Granite State Power Link route map | Granite State Power Link

Important Opportunity

Eversource has partnered with Hydro-Québec on Northern Pass, a 192-mile line that would carry 1,090 MW of hydropower to New England — up to 9.4 TWh per year for a period of 20 years starting in December 2020.

“We’re confident we can deliver up to 9.4 TWh annually … we feel ours is a very strong proposal,” Eversource spokesman Martin Murray told RTO Insider. “It delivers the clean energy that is being sought, and it will be able to do that about two years earlier than any other project that’s been proposed.”

Hydro-Québec spokeswoman Lynn St. Laurent said, “In terms of our export markets, there is this very important opportunity in Massachusetts, and it’s happening now. We’re talking about an approximately 1,000-MW transmission line providing a minimum of 8.3 TWh to Massachusetts. It can go higher than that but we’re leaving some room. In some cases, we know Massachusetts wants to potentially add some smaller projects into the supply.”

Avangrid submitted several proposals Thursday, some wholly owned by the company and others joint partnerships, but it did not release a list.

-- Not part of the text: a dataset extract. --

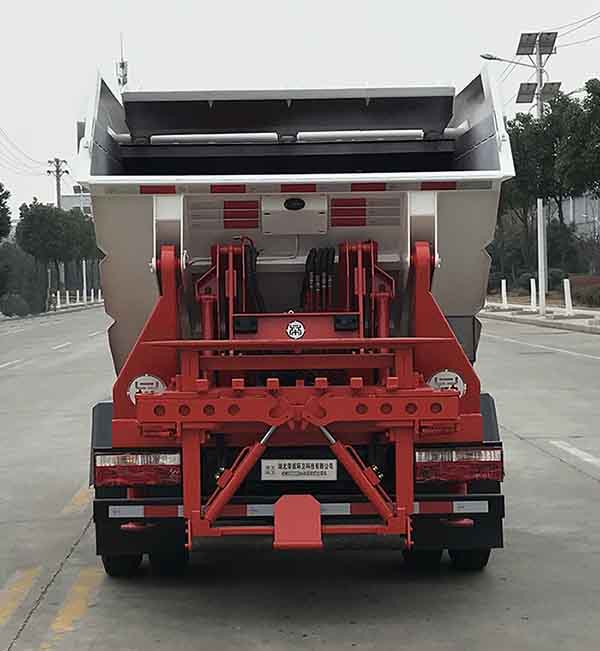 帝王環衛牌HDW5072ZZZH6型自裝卸式垃圾車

Its subsidiary, Central Maine Power, is partnered with Hydro-Québec on the New England Clean Energy Connect, a 145-mile, 320-kV HVDC line that would carry 1,200 MW of hydro and wind energy from Canada to Maine.

Avangrid CEO James P. Torgerson told analysts last week that his company plans to bid multiple transmission and renewable solutions into the solicitation. “They’re looking for incremental hydro on a firm basis but also new Class I renewable portfolio standard, which would be wind and solar. A combination of both could include transmission projects under a FERC tariff,” he said.

Hydro-Québec has also linked up with TDI New England on the New England Clean Power Link, a 154-mile underwater and underground transmission line that would transmit 1,000 MW of Canadian hydropower under Lake Champlain to Vermont.

[Editor’s Note: An earlier version of the article incorrectly stated that Emera is a Maine-based company. The company does have a Maine-based affiliate.]